● **YOUR ASSIGNMENT**:
Return, word for word, every line starting at the line with "Shimla Alquiler De RV | Delicate camp C" and ending at the final line of the entries; skip the pictures.

[Short web captions]
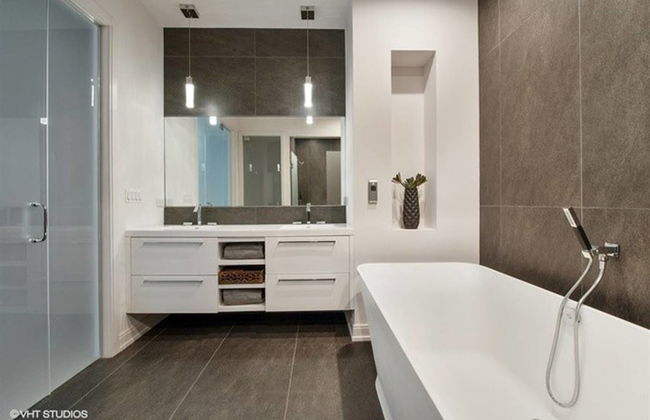 Spacious & Private 3 BDR Luxury Condo in Downtown - Foto 42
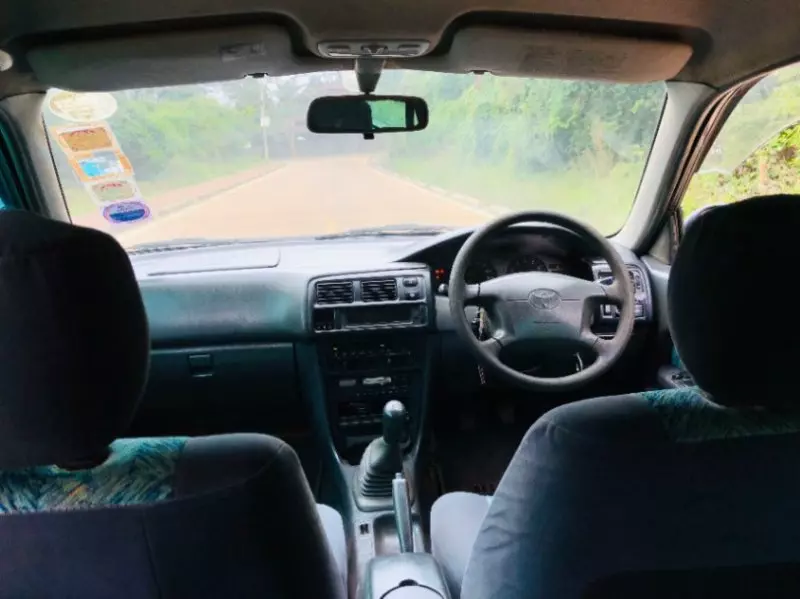 Toyota Sprinter   - 2002
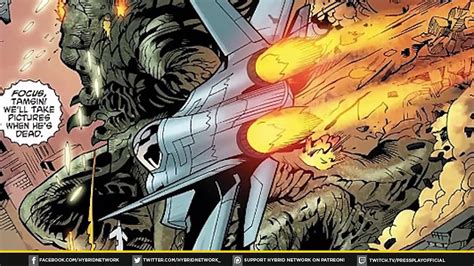 How the Kaiju War Began Explained .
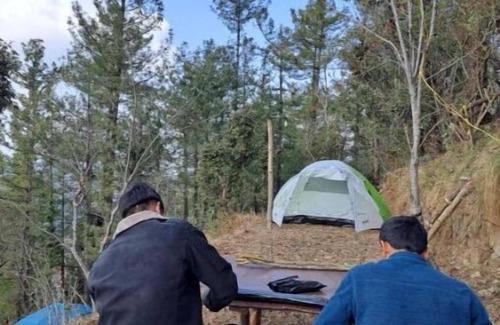 Shimla Alquiler De RV | Delicate camp C
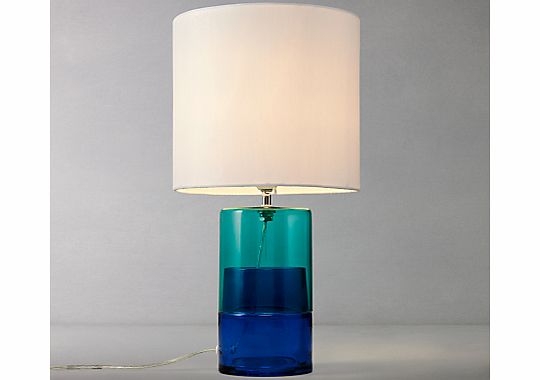 John Lewis Molly Glass Table Lamp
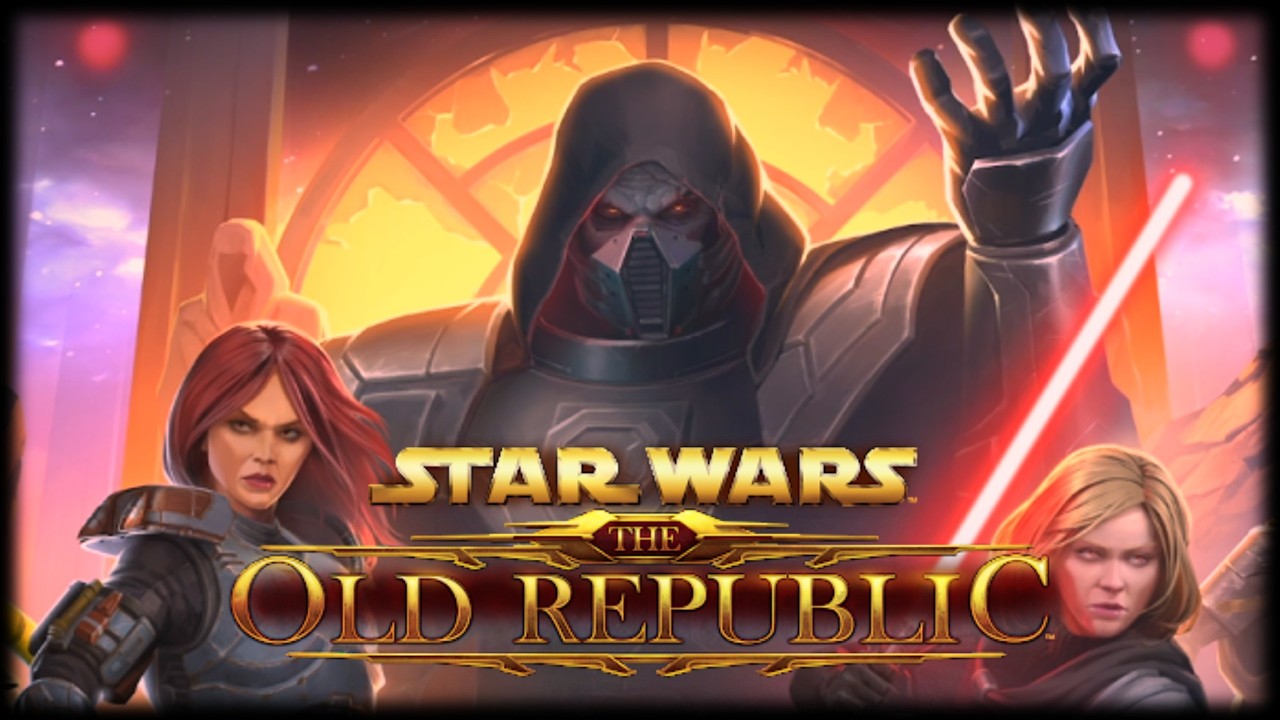 SWTOR получил новый движок!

● **COMPLETED EXERCISE**:
 Shimla Alquiler De RV | Delicate camp C
 John Lewis Molly Glass Table Lamp
 SWTOR получил новый движок!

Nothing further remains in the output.